What is needed:
Reproduce the entries verbatim; no pictures.

>>>>

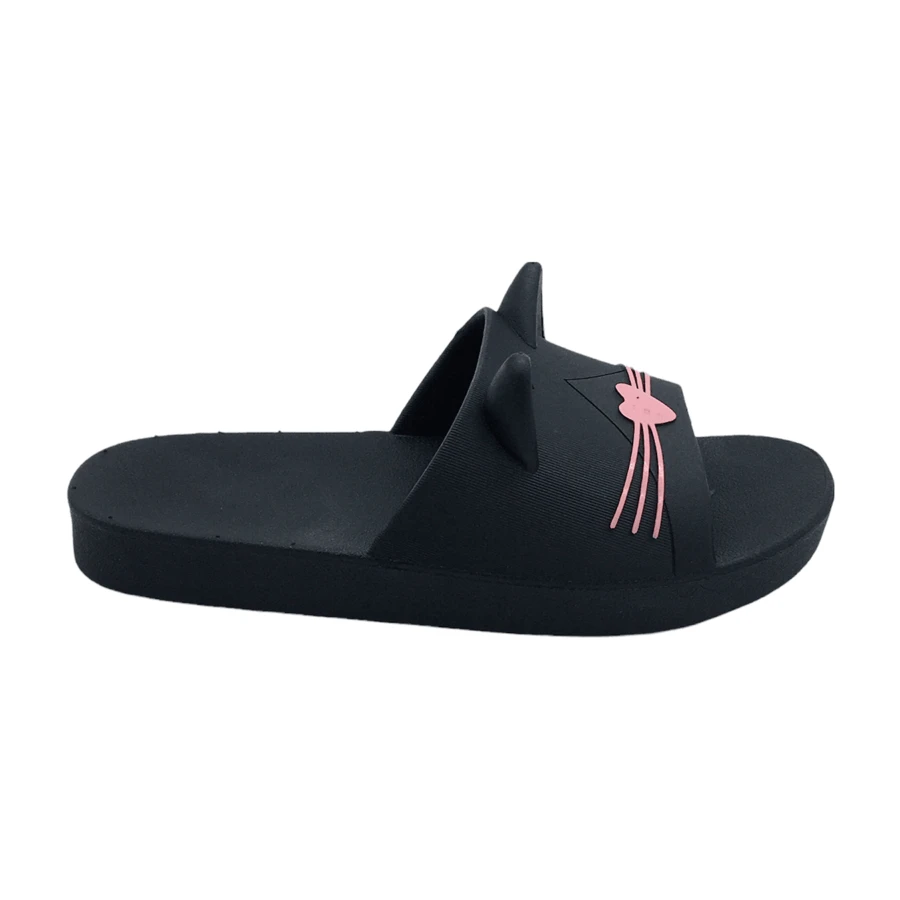 Chanclas Sandalias Pantuflas Katy Gatito - Negro - Ver 1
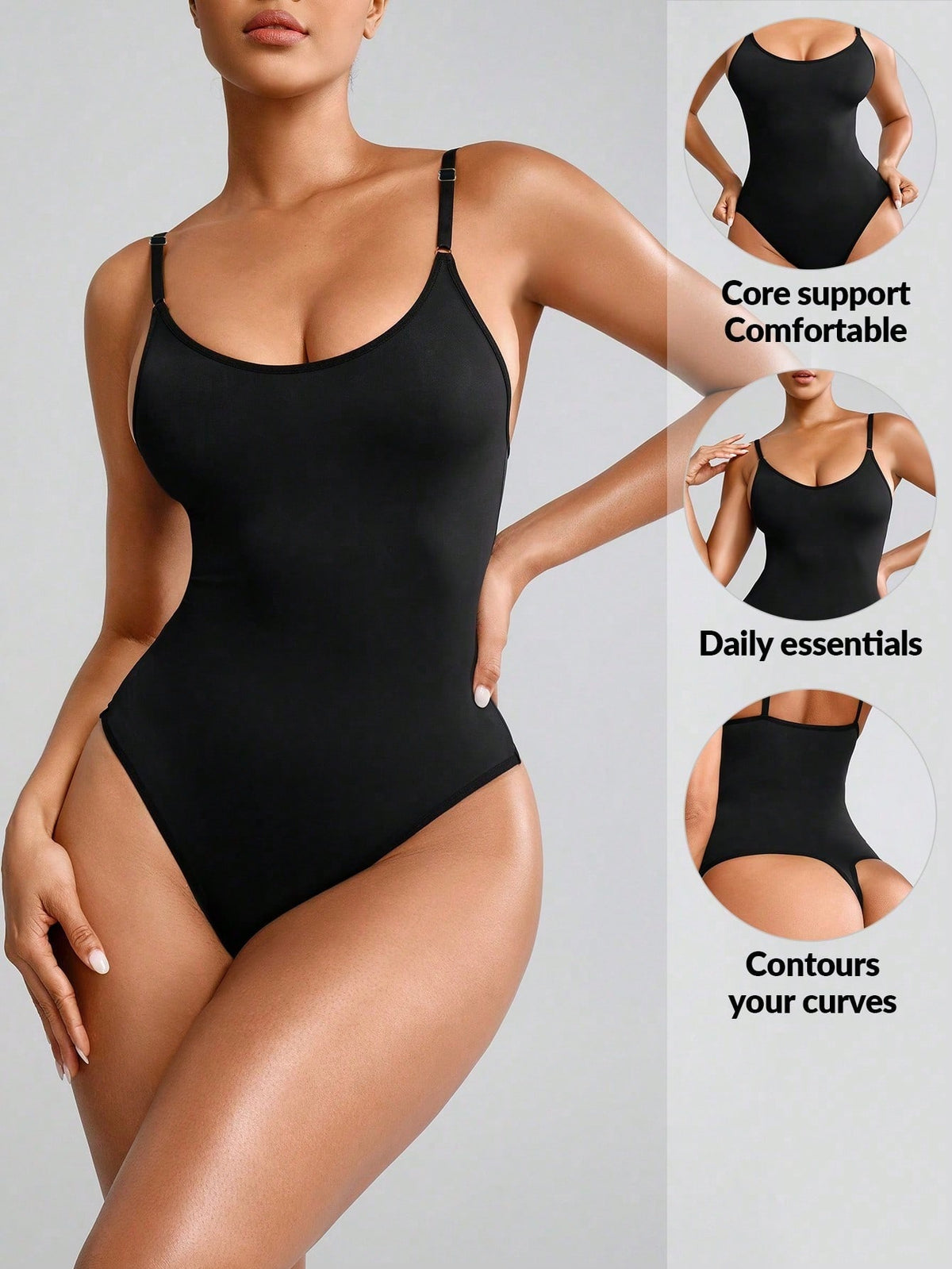 SHEIN SHAPE Shaping Thong Shapewear Bodysuit Body Shaper Bust&Butt Lifter-Tummy Waist Control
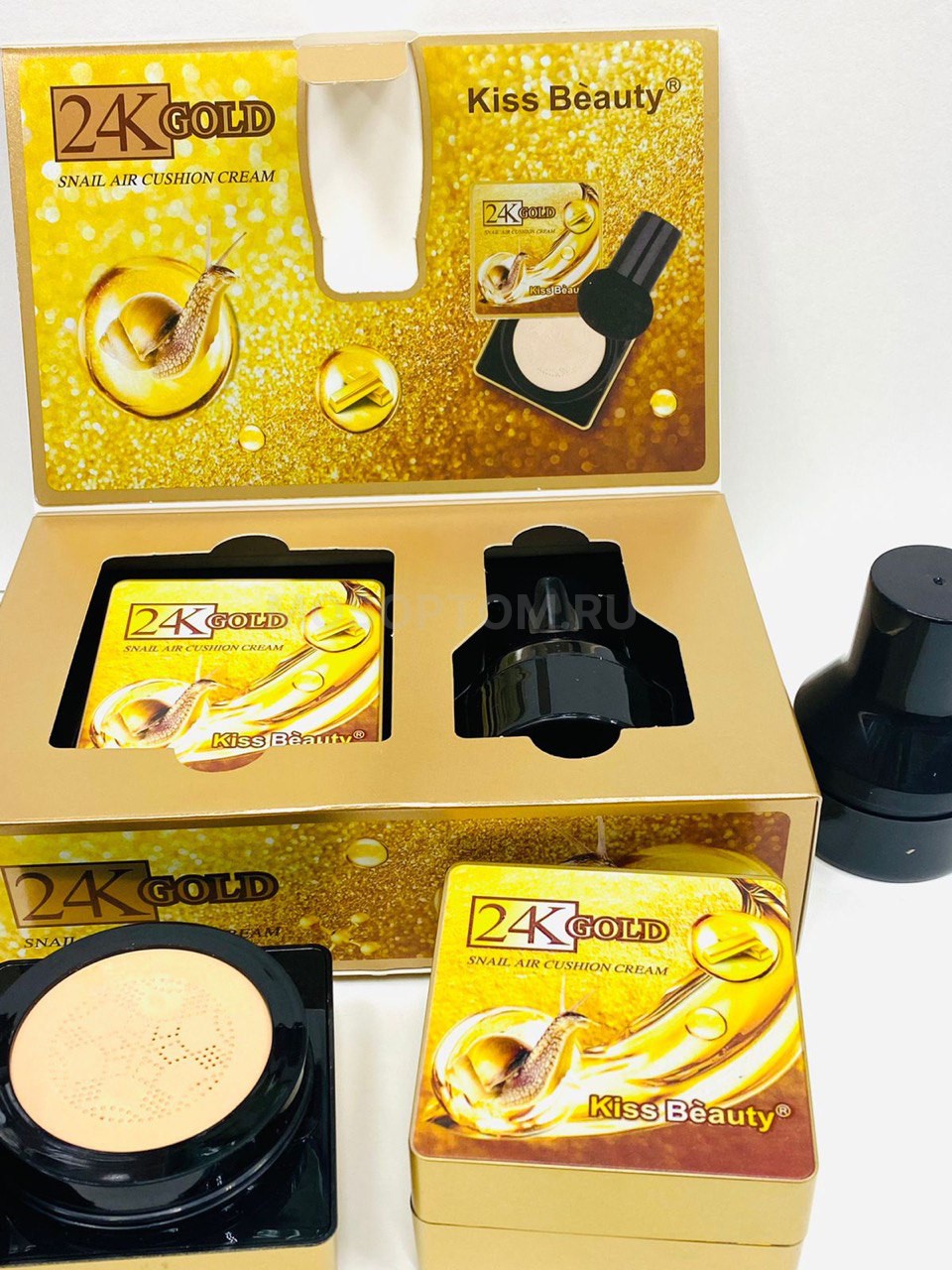 Кушон для лица с золотом и муцином улитки Kiss Beauty 24K Gold Snail Air Cushion Cream 20мл оптом - Фото №7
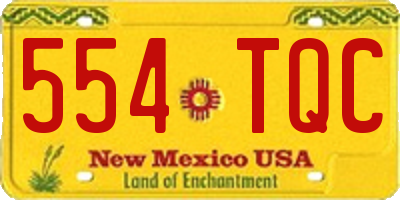NM license plate 554TQC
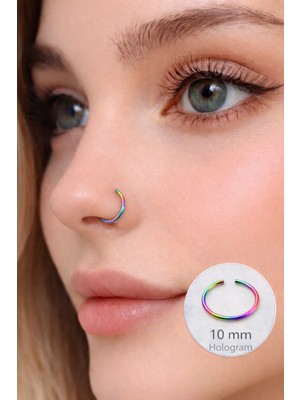 Sacce Scarves & Accessories Hologram Renkli 10 mm Çelik Halka Hızma Burun Piercingi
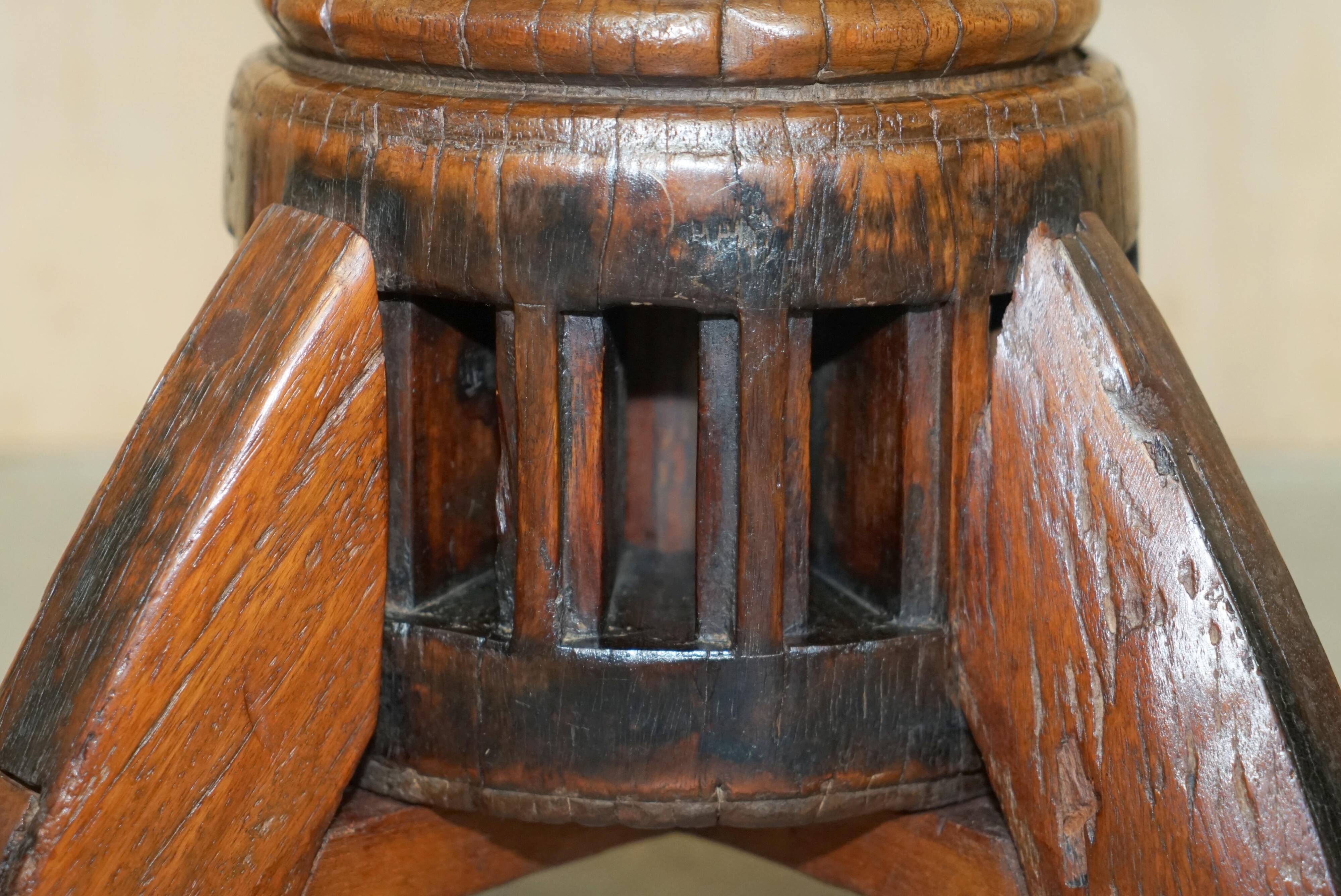 Antique captain's swivel chair on a draft horse wheel from around 1760.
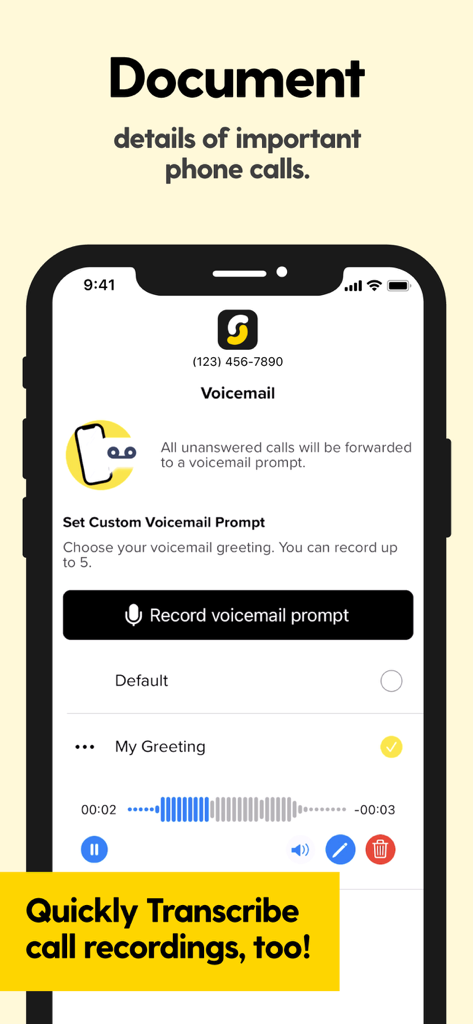 SwitchUp - Second Phone Number - SwitchUp app interface showing custom voicemail prompt recording and call transcription features on an iPhone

<<<<

Expected answer:
 Chanclas Sandalias Pantuflas Katy Gatito - Negro - Ver 1
 SHEIN SHAPE Shaping Thong Shapewear Bodysuit Body Shaper Bust&Butt Lifter-Tummy Waist Control
 Кушон для лица с золотом и муцином улитки Kiss Beauty 24K Gold Snail Air Cushion Cream 20мл оптом - Фото №7
NM license plate 554TQC
 Sacce Scarves & Accessories Hologram Renkli 10 mm Çelik Halka Hızma Burun Piercingi
 Antique captain's swivel chair on a draft horse wheel from around 1760.
 SwitchUp - Second Phone Number - SwitchUp app interface showing custom voicemail prompt recording and call transcription features on an iPhone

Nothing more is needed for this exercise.